DIRECTIONS
Down to the last character, repeat the data that follows.

Short web captions
+ + + +

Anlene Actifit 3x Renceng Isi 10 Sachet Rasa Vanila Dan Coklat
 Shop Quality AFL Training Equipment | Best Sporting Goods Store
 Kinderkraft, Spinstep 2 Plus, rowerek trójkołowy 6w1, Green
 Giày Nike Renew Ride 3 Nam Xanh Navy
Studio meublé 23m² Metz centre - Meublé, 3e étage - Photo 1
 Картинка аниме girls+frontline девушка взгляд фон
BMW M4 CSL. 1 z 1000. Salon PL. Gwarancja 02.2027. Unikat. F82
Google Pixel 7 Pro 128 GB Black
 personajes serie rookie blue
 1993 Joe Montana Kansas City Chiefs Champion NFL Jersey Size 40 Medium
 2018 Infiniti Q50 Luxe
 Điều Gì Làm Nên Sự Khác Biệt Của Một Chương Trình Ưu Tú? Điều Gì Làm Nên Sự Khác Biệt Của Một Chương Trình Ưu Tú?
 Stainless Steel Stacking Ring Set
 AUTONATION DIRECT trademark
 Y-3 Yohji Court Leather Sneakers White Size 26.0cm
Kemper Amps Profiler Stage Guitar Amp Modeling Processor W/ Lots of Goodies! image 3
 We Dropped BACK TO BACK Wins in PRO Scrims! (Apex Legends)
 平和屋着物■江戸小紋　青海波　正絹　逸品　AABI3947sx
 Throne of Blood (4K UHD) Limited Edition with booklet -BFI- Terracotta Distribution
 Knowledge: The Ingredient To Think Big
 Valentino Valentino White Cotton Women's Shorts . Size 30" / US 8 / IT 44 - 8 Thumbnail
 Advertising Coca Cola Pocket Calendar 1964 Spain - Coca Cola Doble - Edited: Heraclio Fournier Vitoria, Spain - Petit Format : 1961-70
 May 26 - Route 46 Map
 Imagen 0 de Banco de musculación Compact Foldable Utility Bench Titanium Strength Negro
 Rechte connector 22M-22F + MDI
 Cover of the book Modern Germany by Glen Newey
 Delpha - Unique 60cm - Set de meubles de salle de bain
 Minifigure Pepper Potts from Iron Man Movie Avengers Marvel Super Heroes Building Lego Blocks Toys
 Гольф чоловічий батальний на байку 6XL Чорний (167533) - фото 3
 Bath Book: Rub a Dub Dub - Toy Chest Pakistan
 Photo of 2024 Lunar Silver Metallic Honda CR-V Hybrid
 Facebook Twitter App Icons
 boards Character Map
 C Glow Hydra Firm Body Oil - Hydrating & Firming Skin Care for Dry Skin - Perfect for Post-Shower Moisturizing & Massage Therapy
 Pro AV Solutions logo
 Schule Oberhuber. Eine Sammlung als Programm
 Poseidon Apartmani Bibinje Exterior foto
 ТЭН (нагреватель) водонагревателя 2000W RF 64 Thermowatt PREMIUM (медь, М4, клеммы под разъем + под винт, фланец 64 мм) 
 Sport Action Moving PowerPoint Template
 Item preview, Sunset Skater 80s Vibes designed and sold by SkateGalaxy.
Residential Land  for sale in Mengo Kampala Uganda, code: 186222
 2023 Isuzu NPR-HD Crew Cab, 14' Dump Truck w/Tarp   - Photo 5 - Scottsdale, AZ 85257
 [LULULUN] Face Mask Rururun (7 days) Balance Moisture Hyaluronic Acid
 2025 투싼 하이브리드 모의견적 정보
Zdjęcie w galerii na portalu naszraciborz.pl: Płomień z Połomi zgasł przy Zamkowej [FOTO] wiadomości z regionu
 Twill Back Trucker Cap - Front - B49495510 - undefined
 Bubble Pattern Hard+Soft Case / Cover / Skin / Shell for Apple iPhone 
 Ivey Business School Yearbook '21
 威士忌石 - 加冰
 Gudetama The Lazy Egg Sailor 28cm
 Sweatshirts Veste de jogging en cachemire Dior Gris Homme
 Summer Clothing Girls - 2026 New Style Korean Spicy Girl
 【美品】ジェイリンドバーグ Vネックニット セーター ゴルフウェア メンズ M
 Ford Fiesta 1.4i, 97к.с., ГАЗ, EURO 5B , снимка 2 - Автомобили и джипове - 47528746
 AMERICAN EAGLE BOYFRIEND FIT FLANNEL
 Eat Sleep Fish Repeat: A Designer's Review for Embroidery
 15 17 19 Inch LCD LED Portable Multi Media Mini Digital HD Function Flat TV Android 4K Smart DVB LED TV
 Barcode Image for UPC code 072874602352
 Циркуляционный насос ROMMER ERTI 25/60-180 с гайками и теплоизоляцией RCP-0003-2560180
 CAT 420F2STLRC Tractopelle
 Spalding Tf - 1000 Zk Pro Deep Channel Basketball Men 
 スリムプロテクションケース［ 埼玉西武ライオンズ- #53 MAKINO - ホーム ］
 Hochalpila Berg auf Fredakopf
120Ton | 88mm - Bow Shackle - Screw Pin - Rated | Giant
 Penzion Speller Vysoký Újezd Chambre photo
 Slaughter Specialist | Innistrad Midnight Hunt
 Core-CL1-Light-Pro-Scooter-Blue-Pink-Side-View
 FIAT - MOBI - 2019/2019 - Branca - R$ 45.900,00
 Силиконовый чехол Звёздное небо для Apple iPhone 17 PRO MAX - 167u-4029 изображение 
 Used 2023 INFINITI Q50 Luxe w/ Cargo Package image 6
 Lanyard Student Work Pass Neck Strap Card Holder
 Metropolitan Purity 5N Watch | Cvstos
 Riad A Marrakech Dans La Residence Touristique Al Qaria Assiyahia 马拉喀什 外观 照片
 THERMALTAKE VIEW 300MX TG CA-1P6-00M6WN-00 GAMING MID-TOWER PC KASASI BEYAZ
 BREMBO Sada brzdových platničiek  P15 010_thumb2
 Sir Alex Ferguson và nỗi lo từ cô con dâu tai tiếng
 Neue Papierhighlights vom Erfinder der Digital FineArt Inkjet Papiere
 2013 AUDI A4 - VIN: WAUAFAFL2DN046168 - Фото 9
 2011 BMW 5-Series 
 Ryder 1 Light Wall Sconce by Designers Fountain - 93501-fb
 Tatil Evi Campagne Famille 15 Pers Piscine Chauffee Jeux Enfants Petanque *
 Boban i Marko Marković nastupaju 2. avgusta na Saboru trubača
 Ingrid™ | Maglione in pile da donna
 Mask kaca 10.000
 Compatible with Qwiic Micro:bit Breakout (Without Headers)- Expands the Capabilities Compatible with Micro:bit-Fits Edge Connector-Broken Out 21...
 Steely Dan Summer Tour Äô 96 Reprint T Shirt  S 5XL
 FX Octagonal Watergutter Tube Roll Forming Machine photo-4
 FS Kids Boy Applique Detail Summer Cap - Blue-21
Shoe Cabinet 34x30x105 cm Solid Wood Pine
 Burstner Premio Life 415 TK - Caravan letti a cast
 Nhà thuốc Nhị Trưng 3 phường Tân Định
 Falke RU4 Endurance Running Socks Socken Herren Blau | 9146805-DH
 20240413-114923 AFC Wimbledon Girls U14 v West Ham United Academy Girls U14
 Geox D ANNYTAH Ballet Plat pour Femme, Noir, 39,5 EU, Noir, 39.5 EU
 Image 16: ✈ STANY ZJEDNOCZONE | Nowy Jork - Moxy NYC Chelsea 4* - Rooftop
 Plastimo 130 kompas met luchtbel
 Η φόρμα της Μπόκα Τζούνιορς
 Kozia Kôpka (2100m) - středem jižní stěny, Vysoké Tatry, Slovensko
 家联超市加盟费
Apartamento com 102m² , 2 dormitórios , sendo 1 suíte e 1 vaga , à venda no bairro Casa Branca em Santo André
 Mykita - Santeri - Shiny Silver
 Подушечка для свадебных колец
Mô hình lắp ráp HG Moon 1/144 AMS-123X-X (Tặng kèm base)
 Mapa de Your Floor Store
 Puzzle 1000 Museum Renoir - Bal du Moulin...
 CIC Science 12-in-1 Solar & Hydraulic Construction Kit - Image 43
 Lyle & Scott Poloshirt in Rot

+ + + +

REPLY TO THE TASK
Anlene Actifit 3x Renceng Isi 10 Sachet Rasa Vanila Dan Coklat
 Shop Quality AFL Training Equipment | Best Sporting Goods Store
 Kinderkraft, Spinstep 2 Plus, rowerek trójkołowy 6w1, Green
 Giày Nike Renew Ride 3 Nam Xanh Navy
Studio meublé 23m² Metz centre - Meublé, 3e étage - Photo 1
 Картинка аниме girls+frontline девушка взгляд фон
BMW M4 CSL. 1 z 1000. Salon PL. Gwarancja 02.2027. Unikat. F82
Google Pixel 7 Pro 128 GB Black
 personajes serie rookie blue
 1993 Joe Montana Kansas City Chiefs Champion NFL Jersey Size 40 Medium
 2018 Infiniti Q50 Luxe
 Điều Gì Làm Nên Sự Khác Biệt Của Một Chương Trình Ưu Tú? Điều Gì Làm Nên Sự Khác Biệt Của Một Chương Trình Ưu Tú?
 Stainless Steel Stacking Ring Set
 AUTONATION DIRECT trademark
 Y-3 Yohji Court Leather Sneakers White Size 26.0cm
Kemper Amps Profiler Stage Guitar Amp Modeling Processor W/ Lots of Goodies! image 3
 We Dropped BACK TO BACK Wins in PRO Scrims! (Apex Legends)
 平和屋着物■江戸小紋　青海波　正絹　逸品　AABI3947sx
 Throne of Blood (4K UHD) Limited Edition with booklet -BFI- Terracotta Distribution
 Knowledge: The Ingredient To Think Big
 Valentino Valentino White Cotton Women's Shorts . Size 30" / US 8 / IT 44 - 8 Thumbnail
 Advertising Coca Cola Pocket Calendar 1964 Spain - Coca Cola Doble - Edited: Heraclio Fournier Vitoria, Spain - Petit Format : 1961-70
 May 26 - Route 46 Map
 Imagen 0 de Banco de musculación Compact Foldable Utility Bench Titanium Strength Negro
 Rechte connector 22M-22F + MDI
 Cover of the book Modern Germany by Glen Newey
 Delpha - Unique 60cm - Set de meubles de salle de bain
 Minifigure Pepper Potts from Iron Man Movie Avengers Marvel Super Heroes Building Lego Blocks Toys
 Гольф чоловічий батальний на байку 6XL Чорний (167533) - фото 3
 Bath Book: Rub a Dub Dub - Toy Chest Pakistan
 Photo of 2024 Lunar Silver Metallic Honda CR-V Hybrid
 Facebook Twitter App Icons
 boards Character Map
 C Glow Hydra Firm Body Oil - Hydrating & Firming Skin Care for Dry Skin - Perfect for Post-Shower Moisturizing & Massage Therapy
 Pro AV Solutions logo
 Schule Oberhuber. Eine Sammlung als Programm
 Poseidon Apartmani Bibinje Exterior foto
 ТЭН (нагреватель) водонагревателя 2000W RF 64 Thermowatt PREMIUM (медь, М4, клеммы под разъем + под винт, фланец 64 мм) 
 Sport Action Moving PowerPoint Template
 Item preview, Sunset Skater 80s Vibes designed and sold by SkateGalaxy.
Residential Land  for sale in Mengo Kampala Uganda, code: 186222
 2023 Isuzu NPR-HD Crew Cab, 14' Dump Truck w/Tarp   - Photo 5 - Scottsdale, AZ 85257
 [LULULUN] Face Mask Rururun (7 days) Balance Moisture Hyaluronic Acid
 2025 투싼 하이브리드 모의견적 정보
Zdjęcie w galerii na portalu naszraciborz.pl: Płomień z Połomi zgasł przy Zamkowej [FOTO] wiadomości z regionu
 Twill Back Trucker Cap - Front - B49495510 - undefined
 Bubble Pattern Hard+Soft Case / Cover / Skin / Shell for Apple iPhone 
 Ivey Business School Yearbook '21
 威士忌石 - 加冰
 Gudetama The Lazy Egg Sailor 28cm
 Sweatshirts Veste de jogging en cachemire Dior Gris Homme
 Summer Clothing Girls - 2026 New Style Korean Spicy Girl
 【美品】ジェイリンドバーグ Vネックニット セーター ゴルフウェア メンズ M
 Ford Fiesta 1.4i, 97к.с., ГАЗ, EURO 5B , снимка 2 - Автомобили и джипове - 47528746
 AMERICAN EAGLE BOYFRIEND FIT FLANNEL
 Eat Sleep Fish Repeat: A Designer's Review for Embroidery
 15 17 19 Inch LCD LED Portable Multi Media Mini Digital HD Function Flat TV Android 4K Smart DVB LED TV
 Barcode Image for UPC code 072874602352
 Циркуляционный насос ROMMER ERTI 25/60-180 с гайками и теплоизоляцией RCP-0003-2560180
 CAT 420F2STLRC Tractopelle
 Spalding Tf - 1000 Zk Pro Deep Channel Basketball Men 
 スリムプロテクションケース［ 埼玉西武ライオンズ- #53 MAKINO - ホーム ］
 Hochalpila Berg auf Fredakopf
120Ton | 88mm - Bow Shackle - Screw Pin - Rated | Giant
 Penzion Speller Vysoký Újezd Chambre photo
 Slaughter Specialist | Innistrad Midnight Hunt
 Core-CL1-Light-Pro-Scooter-Blue-Pink-Side-View
 FIAT - MOBI - 2019/2019 - Branca - R$ 45.900,00
 Силиконовый чехол Звёздное небо для Apple iPhone 17 PRO MAX - 167u-4029 изображение 
 Used 2023 INFINITI Q50 Luxe w/ Cargo Package image 6
 Lanyard Student Work Pass Neck Strap Card Holder
 Metropolitan Purity 5N Watch | Cvstos
 Riad A Marrakech Dans La Residence Touristique Al Qaria Assiyahia 马拉喀什 外观 照片
 THERMALTAKE VIEW 300MX TG CA-1P6-00M6WN-00 GAMING MID-TOWER PC KASASI BEYAZ
 BREMBO Sada brzdových platničiek  P15 010_thumb2
 Sir Alex Ferguson và nỗi lo từ cô con dâu tai tiếng
 Neue Papierhighlights vom Erfinder der Digital FineArt Inkjet Papiere
 2013 AUDI A4 - VIN: WAUAFAFL2DN046168 - Фото 9
 2011 BMW 5-Series 
 Ryder 1 Light Wall Sconce by Designers Fountain - 93501-fb
 Tatil Evi Campagne Famille 15 Pers Piscine Chauffee Jeux Enfants Petanque *
 Boban i Marko Marković nastupaju 2. avgusta na Saboru trubača
 Ingrid™ | Maglione in pile da donna
 Mask kaca 10.000
 Compatible with Qwiic Micro:bit Breakout (Without Headers)- Expands the Capabilities Compatible with Micro:bit-Fits Edge Connector-Broken Out 21...
 Steely Dan Summer Tour Äô 96 Reprint T Shirt  S 5XL
 FX Octagonal Watergutter Tube Roll Forming Machine photo-4
 FS Kids Boy Applique Detail Summer Cap - Blue-21
Shoe Cabinet 34x30x105 cm Solid Wood Pine
 Burstner Premio Life 415 TK - Caravan letti a cast
 Nhà thuốc Nhị Trưng 3 phường Tân Định
 Falke RU4 Endurance Running Socks Socken Herren Blau | 9146805-DH
 20240413-114923 AFC Wimbledon Girls U14 v West Ham United Academy Girls U14
 Geox D ANNYTAH Ballet Plat pour Femme, Noir, 39,5 EU, Noir, 39.5 EU
 Image 16: ✈ STANY ZJEDNOCZONE | Nowy Jork - Moxy NYC Chelsea 4* - Rooftop
 Plastimo 130 kompas met luchtbel
 Η φόρμα της Μπόκα Τζούνιορς
 Kozia Kôpka (2100m) - středem jižní stěny, Vysoké Tatry, Slovensko
 家联超市加盟费
Apartamento com 102m² , 2 dormitórios , sendo 1 suíte e 1 vaga , à venda no bairro Casa Branca em Santo André
 Mykita - Santeri - Shiny Silver
 Подушечка для свадебных колец
Mô hình lắp ráp HG Moon 1/144 AMS-123X-X (Tặng kèm base)
 Mapa de Your Floor Store
 Puzzle 1000 Museum Renoir - Bal du Moulin...
 CIC Science 12-in-1 Solar & Hydraulic Construction Kit - Image 43
 Lyle & Scott Poloshirt in Rot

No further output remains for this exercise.